No one knows exactly what issues will be raised by the general-president with his Asian counterparts. It’s difficult to read between the lines, but Cuba’s key concern is finding a model that will allow it to move beyond the survival phase.
The trip by President Raul Castro is part of an intense series of contacts between the three nations. It was preceded by the visit of Vietnamese leaders, China’s vice president Xi Jinping (that nation’s future top leader) and most recently by the trip taken by the architect of the Cuban reforms, Marino Murillo.
Official information about the trip took up just two paragraphs in Cuba’s official newspaper.
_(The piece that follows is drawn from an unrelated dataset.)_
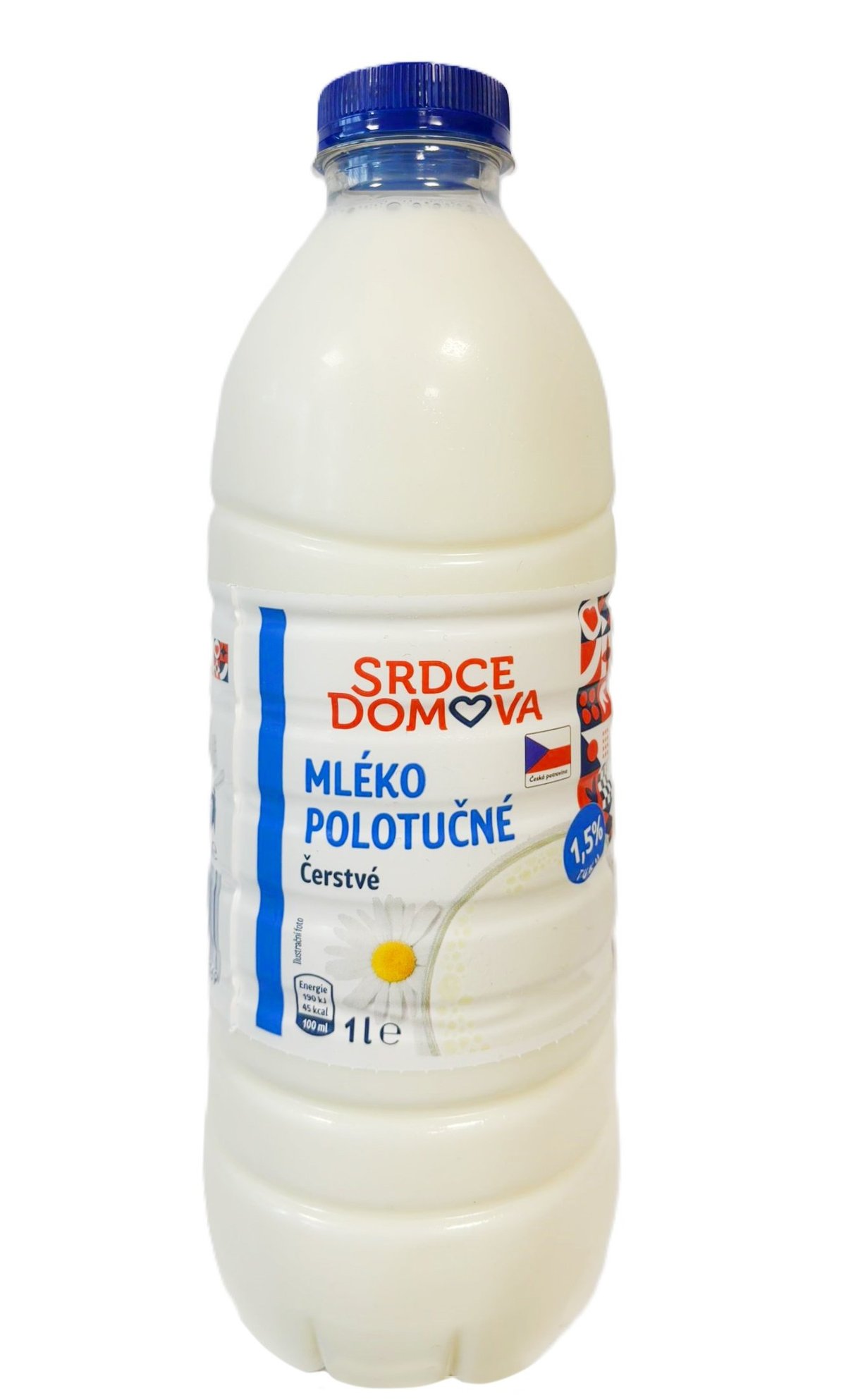 Srdce domova Mléko polotučné čerstvé 1,5% tuku 1l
It reported only that Castro would visit China and Vietnam, and that he would be accompanied by Ricardo Cabrisas, the vice president of the Council of Ministers; and Foreign Minister Bruno Rodriguez.
Such an economy of words is keeping people on the margin concerning the trip. However, most Cubans speculate in the same direction. “It’s about searching for a vision of how to implement a market economy in Cuba,” says Deyanira Rodriguez.
Abelardo Mena, the curator of Havana’s Museum of Fine Arts, told BBC News that he doesn’t know what issues the president will touch on in Asia, but he believes “it could be a fact finding mission to examine firsthand the possible application in Cuba of the model of those countries.”
Both China and Vietnam are parts of Cuba’s life preserver. Beijing is the second largest trading partner with the island [after Venezuela], with $1.9 billion (USD) in annual commerce. In the meantime, the Vietnamese are searching for oil in Cuban waters and their country is the main supplier of rice, which is essential to the national diet.
Transportation in Cuba is based mainly on Chinese buses, cars and locomotives. What also come from that country are low-energy consuming refrigerators and millions of other appliances that have been distributed to all Cuban families.
Despite the ideological identification, however, bilateral relations are not the same as what existed with the Soviet Union. Beijing supports Cuba but also protects its loans, guaranteeing them with part of Cuba’s nickel reserves.
The good relations between Cuba and Latin America make it an ideal bridge to invest in a region not affected by the global crisis. In fact, an “army” of youths are being trained on the island as thousands of Chinese are studying Spanish on the outskirts of Havana.
An old friend
The relations with Vietnam, which date back to the war against US invasion, are much closer and have a strong ideological character. Cuba supported the Vietnamese guerrillas morally and practically and also assisted with that county’s reconstruction.
In the middle of the war, Fidel Castro visited the liberated territories of South Vietnam, and Cuba maintained an ambassador in that area. Teams of Cuban doctors treated the wounded in Hanoi, while workers and engineers from the island cooperated on the construction of secret roadways.
After the war, Havana sent hundreds of technicians, including advisors specializing in tilapia fish farming and coffee production. Paradoxically, today Vietnam exports $2 billion USD worth of tilapia and also sells coffee, while Cuba has to import it, explained Raul Castro.
But the Vietnamese were not ungrateful. They are the leading seller of rice to Cuba, and on more than one occasion they have sent boatloads of free rice. Currently they are exploring for oil in Caribbean waters and their agricultural technicians are now advising Cuban farmers.
The Cuban Perspective
More than in the “21st Century Socialism” proclaimed by Venezuelan President Hugo Chavez, Cuba is looking for its model in Asia. Several delegations of Cuban economists and businesspeople were sent to China and Vietnam to study their socio-economic situations and systems.
Most Cuban experts agree that Vietnam is much closer to Cuba than China – given the country’s physical size, population, social characteristics, political structure and its conflict with the US.
Friendship and ideological identification has not been an obstacle to each Vietnamese leader reminding the Cubans that if they really want to push through reforms, the first and most important is a change of mentality.
To advance a “Doi Moi” (renovation), as was done in Vietnam to allow it to “take off” economically, Cuban authorities need to take much stronger steps to break with the model that has already demonstrated its economic inefficiency.